Un vieil homme s’avance vers une statue de Phra Phromet prie. L’encens brûle au pied du complexe Golden Mile, immeuble brutaliste de 16 étages dans le quartier Kallang, au coeur de Singapour. Trempée par une forte averse qui vient de s’achever, la végétation tropicale dégoutte de pluie.

Avant de poursuivre sa route, l’homme caresse une sculpture d’éléphant décorée d’une couronne de fleurs en plastique. On entend le chant des oiseaux, mais aussi le vrombissement de la circulation sur Beach Road. La mer paraît ici bien distante. Pourtant, cette route, comme son nom l’indique, longeait autrefois le littoral.

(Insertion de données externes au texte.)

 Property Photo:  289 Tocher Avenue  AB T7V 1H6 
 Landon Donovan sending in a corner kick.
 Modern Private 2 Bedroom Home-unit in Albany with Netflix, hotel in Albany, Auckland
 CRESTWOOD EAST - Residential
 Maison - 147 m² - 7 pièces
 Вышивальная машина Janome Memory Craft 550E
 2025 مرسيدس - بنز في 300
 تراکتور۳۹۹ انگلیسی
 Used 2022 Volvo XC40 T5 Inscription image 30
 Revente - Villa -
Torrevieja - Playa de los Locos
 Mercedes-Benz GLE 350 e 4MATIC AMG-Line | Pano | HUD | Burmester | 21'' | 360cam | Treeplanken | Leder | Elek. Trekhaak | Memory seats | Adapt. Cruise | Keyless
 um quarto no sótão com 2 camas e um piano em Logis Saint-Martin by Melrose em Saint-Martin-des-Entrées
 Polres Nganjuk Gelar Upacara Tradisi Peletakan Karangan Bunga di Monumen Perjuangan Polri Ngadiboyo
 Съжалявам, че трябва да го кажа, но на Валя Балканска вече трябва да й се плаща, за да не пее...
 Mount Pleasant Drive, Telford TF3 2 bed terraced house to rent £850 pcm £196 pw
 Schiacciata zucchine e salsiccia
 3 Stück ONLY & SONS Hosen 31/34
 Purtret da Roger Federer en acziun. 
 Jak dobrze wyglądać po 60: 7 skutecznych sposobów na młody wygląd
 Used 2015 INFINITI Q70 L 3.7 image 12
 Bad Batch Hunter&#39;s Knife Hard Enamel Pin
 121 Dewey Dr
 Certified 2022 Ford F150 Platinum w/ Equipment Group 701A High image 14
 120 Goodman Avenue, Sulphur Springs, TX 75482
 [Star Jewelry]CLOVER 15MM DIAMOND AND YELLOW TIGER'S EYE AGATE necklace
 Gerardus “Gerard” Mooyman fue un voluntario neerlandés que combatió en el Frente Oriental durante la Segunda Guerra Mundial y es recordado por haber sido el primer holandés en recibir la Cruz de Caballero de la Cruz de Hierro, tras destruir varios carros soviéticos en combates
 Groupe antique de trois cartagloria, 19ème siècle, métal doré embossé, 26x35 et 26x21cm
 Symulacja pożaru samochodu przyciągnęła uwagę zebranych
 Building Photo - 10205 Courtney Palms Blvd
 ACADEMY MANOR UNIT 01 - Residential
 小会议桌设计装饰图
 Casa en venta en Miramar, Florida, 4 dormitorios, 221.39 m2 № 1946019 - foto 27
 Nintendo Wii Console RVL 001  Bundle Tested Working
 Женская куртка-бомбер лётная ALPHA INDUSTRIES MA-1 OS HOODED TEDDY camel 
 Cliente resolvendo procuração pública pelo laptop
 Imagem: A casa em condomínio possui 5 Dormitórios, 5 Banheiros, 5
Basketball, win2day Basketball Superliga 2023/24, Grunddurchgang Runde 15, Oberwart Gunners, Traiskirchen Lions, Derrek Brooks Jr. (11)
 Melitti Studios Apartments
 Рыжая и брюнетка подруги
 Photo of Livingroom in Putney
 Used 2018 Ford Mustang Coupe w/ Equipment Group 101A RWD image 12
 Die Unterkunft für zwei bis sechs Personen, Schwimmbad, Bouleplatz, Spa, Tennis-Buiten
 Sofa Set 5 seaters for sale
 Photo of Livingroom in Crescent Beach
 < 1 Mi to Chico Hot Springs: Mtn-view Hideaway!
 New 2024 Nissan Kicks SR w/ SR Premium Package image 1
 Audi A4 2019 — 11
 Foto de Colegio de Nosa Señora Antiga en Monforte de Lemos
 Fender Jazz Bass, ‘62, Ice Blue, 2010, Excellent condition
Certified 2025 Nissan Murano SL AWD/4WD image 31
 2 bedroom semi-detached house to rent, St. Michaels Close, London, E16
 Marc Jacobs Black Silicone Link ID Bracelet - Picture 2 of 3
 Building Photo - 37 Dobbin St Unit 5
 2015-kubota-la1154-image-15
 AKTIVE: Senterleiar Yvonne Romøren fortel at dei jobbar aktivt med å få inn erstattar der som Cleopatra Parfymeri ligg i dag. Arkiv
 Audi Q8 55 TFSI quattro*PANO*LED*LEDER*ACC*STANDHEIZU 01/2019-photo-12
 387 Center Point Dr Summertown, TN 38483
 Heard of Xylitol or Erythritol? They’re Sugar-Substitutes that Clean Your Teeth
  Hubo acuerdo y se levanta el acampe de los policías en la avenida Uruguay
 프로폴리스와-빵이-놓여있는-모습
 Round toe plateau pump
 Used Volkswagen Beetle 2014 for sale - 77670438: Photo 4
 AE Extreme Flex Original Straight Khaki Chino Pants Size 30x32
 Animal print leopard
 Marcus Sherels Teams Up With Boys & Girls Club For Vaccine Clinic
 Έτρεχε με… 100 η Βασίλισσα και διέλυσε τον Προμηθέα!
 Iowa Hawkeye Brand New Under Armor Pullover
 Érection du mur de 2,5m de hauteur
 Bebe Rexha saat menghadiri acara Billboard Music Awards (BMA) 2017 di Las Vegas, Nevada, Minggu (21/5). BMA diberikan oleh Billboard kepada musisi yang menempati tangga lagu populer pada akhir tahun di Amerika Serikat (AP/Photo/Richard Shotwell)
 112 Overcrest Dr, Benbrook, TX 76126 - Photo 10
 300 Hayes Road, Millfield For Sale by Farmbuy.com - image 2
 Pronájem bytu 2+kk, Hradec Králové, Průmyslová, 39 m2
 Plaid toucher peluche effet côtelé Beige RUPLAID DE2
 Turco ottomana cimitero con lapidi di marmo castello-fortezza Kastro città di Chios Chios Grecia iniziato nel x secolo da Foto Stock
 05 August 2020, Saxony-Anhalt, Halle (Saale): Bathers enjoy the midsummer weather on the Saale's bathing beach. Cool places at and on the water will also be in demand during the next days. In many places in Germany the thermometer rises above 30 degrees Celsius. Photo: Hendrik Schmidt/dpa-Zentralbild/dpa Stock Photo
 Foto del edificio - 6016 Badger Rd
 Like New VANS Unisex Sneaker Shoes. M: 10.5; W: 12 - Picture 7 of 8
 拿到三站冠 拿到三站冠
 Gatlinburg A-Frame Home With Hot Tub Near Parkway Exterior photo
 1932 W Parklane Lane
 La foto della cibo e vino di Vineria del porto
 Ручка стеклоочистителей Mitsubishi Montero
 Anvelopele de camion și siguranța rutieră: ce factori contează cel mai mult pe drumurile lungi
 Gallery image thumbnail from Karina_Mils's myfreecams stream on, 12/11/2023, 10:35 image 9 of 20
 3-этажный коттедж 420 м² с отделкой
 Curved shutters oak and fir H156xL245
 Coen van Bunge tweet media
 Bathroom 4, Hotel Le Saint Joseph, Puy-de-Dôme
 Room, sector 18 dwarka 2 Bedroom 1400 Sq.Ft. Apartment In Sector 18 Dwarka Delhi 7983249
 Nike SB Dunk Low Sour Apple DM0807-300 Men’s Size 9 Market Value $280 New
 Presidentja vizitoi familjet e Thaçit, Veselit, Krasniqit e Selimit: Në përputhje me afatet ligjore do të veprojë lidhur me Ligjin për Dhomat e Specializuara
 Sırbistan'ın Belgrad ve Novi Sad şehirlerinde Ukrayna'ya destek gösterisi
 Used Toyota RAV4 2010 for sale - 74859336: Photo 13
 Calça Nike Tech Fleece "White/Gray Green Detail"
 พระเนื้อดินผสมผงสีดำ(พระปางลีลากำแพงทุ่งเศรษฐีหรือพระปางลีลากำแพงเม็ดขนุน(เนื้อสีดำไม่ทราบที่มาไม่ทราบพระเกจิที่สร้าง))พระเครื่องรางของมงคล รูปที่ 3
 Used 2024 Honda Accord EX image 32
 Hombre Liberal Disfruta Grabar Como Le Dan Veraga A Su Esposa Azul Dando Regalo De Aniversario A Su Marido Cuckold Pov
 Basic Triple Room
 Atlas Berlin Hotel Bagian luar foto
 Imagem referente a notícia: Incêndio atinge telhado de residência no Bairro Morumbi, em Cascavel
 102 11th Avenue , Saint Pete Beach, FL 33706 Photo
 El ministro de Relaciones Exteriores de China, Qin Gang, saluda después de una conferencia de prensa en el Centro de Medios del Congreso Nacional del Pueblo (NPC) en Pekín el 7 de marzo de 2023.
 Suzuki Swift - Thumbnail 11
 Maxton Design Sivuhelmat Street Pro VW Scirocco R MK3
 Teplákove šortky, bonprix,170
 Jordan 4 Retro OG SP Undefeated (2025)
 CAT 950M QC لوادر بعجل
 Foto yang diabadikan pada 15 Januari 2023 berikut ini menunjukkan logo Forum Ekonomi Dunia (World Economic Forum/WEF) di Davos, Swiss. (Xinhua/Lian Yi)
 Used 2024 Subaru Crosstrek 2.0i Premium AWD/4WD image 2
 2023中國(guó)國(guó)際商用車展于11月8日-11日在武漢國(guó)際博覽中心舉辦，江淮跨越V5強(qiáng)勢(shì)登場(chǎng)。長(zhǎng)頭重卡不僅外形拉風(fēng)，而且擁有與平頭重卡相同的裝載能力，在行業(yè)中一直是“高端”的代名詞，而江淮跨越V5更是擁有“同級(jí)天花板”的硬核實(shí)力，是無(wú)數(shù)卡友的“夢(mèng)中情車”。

Île logée à la pointe de la péninsule malaise, Singapour a un problème de taille : elle manque d’espace. Pour y remédier, le pays remblaie obstinément de sable le pourtour de son littoral. Depuis son indépendance, en 1965, son territoire s’est agrandi de 25 % aux dépens de la mer. Il est désormais grand comme les îles de Montréal et de Laval combinées.

Ce texte est publié via notre section Perspectives.

La conquête de la terre sur la mer est omniprésente à Singapour, où vivent 5,6 millions de personnes. L’aéroport de Changi tient sur du sol neuf. Le port de Tuas, actuellement en construction, exige la création de centaines d’hectares de terre ferme. Le secteur récréotouristique de Marina Bay, près du centre-ville, repose entièrement sur du remblai.

« J’ai grandi dans le secteur de Katong. Quand j’étais enfant et qu’on se promenait en voiture, je voyais les travaux de remblayage, toutes ces énormes machines qui pompaient du sable dans la carrière. Ils utilisaient des convoyeurs pour le transporter jusqu’à la côte », se rappelle le cartographe Mok Ly Yng, né en 1967. Ce dernier connaît l’évolution géographique de son pays comme le fond de sa poche.

Photo: Valérian Mazataud Le Devoir Le secteur récréotouristique de Gardens by the Bay et de Marina Bay, en bas de l'image, repose entièrement sur du remblai. Depuis son indépendance, en 1965, le territoire de Singapour s'est agrandi de 25% aux dépens de la mer.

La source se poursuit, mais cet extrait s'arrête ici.